Web page caption snippets

+ + +

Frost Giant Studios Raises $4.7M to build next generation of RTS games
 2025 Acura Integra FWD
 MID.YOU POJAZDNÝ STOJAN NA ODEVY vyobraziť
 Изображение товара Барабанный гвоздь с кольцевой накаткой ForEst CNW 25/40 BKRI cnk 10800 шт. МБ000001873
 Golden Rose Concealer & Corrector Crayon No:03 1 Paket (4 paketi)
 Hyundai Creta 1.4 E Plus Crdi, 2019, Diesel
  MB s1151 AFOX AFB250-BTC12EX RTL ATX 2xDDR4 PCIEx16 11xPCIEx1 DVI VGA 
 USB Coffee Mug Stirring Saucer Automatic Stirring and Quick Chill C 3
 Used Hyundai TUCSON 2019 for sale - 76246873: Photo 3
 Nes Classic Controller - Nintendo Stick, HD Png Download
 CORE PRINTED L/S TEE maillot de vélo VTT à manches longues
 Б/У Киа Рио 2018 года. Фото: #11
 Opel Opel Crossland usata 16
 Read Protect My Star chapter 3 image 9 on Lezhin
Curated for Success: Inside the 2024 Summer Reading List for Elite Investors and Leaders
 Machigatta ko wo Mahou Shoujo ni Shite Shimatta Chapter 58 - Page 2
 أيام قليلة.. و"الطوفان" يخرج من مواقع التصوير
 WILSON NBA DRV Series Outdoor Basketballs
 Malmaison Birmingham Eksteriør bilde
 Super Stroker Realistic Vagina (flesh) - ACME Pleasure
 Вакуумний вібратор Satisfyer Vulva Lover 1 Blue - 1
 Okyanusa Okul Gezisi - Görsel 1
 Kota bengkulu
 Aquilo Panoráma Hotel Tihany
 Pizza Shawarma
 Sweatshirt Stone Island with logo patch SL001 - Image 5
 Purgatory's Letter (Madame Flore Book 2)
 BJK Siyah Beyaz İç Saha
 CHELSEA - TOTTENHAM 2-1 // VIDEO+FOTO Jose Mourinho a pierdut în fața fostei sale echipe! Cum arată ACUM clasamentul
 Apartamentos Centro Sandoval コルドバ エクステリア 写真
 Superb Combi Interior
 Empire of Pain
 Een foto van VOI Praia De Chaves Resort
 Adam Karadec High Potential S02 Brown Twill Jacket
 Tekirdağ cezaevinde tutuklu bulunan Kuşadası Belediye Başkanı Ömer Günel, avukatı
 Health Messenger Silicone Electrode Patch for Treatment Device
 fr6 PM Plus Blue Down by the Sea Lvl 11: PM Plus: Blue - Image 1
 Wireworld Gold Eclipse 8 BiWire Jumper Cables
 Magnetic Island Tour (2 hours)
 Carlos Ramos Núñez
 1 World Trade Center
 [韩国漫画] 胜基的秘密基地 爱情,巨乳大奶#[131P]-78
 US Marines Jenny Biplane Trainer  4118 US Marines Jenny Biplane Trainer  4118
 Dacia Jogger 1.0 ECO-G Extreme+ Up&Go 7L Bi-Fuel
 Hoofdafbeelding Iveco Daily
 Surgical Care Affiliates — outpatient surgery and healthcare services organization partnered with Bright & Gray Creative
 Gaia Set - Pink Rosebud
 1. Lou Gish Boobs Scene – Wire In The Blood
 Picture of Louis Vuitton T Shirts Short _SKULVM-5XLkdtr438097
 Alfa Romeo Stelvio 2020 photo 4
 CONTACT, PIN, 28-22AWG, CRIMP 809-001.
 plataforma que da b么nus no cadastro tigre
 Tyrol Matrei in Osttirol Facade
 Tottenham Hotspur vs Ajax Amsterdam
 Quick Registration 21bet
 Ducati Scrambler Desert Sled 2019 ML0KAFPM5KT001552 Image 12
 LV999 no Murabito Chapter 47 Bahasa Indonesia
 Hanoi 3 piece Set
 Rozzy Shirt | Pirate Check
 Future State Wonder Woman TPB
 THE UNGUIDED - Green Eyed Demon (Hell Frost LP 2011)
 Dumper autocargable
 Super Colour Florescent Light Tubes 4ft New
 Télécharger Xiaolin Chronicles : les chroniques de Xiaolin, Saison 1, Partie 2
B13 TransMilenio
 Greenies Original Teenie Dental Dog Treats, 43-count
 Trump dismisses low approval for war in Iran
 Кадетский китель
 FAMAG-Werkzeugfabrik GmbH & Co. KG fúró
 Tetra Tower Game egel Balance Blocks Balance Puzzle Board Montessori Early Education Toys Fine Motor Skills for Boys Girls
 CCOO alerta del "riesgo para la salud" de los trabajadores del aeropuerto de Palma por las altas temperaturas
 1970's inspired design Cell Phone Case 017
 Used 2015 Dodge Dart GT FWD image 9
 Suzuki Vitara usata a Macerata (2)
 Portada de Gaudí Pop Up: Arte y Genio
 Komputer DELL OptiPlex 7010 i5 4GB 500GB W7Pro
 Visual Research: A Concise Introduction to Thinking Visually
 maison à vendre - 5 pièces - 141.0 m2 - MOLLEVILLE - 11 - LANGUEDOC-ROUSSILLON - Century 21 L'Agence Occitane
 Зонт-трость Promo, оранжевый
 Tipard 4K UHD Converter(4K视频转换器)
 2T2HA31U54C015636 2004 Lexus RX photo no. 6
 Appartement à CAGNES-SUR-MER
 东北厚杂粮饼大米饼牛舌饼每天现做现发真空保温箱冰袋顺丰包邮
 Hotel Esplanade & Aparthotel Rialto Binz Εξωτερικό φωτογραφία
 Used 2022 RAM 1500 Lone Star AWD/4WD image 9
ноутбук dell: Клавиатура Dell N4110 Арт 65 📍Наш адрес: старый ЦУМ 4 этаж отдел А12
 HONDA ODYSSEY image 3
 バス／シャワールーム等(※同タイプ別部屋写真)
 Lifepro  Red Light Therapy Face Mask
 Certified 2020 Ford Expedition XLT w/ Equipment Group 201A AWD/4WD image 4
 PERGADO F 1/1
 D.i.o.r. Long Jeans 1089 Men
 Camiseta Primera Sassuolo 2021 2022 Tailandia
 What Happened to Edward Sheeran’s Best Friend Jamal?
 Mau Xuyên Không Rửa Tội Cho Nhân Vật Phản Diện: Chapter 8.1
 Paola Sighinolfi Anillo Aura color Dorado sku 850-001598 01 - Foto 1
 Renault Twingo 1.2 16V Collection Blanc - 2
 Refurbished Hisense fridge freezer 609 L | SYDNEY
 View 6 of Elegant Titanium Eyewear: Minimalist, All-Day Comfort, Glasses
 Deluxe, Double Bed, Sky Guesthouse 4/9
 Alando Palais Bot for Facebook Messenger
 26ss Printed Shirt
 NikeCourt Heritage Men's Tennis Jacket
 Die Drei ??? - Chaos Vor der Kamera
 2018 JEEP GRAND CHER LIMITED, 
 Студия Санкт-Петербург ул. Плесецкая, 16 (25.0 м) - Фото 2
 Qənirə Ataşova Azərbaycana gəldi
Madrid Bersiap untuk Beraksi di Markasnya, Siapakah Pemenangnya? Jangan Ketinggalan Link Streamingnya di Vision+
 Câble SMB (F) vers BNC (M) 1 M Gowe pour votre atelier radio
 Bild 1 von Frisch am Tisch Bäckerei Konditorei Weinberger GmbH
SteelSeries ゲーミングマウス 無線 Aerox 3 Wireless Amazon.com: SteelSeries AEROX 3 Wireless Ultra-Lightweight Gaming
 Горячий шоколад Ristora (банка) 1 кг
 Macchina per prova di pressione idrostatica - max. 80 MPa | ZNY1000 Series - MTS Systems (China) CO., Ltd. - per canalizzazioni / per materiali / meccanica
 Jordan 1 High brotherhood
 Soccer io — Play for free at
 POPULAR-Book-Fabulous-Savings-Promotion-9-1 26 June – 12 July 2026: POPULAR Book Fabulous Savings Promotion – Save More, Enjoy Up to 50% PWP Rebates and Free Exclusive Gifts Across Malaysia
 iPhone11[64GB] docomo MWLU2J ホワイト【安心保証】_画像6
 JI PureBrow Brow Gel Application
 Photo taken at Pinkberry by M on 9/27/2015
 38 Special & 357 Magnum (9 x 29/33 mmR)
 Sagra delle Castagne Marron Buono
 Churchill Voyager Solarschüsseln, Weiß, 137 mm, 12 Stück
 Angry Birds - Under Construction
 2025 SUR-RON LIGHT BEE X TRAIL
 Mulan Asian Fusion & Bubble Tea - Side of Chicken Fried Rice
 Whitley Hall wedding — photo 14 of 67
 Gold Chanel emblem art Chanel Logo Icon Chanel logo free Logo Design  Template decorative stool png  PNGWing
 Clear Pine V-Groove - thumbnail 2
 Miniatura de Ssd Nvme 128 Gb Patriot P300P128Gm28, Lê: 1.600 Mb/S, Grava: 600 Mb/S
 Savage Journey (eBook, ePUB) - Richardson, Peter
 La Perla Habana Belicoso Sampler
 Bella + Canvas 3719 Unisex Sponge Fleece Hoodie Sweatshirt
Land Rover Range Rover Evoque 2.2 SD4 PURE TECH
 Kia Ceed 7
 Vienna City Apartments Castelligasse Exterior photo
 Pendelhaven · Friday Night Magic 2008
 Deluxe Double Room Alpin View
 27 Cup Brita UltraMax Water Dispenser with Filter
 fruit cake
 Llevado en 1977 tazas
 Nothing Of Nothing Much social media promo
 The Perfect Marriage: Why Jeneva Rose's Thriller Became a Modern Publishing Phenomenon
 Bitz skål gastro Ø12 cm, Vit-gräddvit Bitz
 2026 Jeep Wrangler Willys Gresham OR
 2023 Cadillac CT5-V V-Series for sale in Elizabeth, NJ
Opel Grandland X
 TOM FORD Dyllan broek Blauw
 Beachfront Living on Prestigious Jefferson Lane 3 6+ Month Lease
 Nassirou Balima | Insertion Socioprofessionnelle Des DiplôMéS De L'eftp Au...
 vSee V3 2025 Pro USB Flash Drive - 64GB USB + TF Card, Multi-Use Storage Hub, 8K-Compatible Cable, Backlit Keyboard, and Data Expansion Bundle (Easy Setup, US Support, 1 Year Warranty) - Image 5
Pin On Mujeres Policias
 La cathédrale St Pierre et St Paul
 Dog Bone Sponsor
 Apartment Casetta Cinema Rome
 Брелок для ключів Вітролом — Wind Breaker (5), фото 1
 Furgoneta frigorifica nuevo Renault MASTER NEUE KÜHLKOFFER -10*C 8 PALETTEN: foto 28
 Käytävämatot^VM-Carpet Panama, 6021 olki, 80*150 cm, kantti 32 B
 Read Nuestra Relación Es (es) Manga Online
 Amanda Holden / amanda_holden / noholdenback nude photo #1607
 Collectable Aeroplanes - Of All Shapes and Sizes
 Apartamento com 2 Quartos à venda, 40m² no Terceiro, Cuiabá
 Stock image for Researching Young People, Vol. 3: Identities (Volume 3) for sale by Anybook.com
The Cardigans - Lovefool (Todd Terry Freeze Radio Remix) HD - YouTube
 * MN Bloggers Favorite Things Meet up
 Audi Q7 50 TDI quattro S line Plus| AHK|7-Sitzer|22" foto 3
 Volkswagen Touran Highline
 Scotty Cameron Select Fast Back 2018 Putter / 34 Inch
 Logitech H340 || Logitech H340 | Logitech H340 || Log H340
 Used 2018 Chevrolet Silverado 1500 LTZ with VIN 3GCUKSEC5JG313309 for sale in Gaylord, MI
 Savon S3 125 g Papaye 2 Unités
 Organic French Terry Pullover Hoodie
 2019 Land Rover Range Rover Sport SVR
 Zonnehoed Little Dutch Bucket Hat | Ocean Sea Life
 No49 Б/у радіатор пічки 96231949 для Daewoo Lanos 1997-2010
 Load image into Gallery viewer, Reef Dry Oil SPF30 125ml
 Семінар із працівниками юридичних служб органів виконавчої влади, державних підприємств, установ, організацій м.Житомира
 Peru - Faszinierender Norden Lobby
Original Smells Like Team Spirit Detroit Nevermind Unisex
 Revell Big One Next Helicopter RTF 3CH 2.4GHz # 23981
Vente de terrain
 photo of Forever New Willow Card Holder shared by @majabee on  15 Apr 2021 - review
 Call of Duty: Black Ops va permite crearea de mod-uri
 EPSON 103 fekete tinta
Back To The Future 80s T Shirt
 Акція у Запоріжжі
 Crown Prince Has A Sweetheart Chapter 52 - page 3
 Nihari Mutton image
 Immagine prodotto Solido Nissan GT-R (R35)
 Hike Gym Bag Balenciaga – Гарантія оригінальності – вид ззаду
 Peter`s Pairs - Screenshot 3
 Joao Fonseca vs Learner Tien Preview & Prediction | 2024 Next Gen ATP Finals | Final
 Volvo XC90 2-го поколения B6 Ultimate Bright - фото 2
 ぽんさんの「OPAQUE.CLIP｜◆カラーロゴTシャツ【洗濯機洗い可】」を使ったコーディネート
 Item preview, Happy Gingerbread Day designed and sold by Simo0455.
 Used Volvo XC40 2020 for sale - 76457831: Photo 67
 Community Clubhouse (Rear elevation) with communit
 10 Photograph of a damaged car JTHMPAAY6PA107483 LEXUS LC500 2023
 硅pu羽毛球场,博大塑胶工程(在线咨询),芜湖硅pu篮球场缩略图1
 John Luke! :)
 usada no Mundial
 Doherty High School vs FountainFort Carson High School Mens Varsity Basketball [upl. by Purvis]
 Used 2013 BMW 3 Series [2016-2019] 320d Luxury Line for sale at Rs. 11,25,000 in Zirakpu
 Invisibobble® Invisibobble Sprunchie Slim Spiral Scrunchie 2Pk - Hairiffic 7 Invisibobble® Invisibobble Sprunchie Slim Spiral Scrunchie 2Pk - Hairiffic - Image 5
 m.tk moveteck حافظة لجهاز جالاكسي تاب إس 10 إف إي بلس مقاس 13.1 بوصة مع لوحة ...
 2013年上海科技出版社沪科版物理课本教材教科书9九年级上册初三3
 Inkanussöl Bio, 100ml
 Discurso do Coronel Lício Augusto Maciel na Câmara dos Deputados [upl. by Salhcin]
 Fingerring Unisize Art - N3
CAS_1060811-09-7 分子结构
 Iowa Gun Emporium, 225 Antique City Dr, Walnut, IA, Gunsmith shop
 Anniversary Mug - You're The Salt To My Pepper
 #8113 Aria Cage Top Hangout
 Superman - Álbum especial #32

+ + +

= EXERCISE OBJECTIVE =
When a line in the data contains the string "City", copy that line.

= TASK RESULT =
 Vienna City Apartments Castelligasse Exterior photo
 Iowa Gun Emporium, 225 Antique City Dr, Walnut, IA, Gunsmith shop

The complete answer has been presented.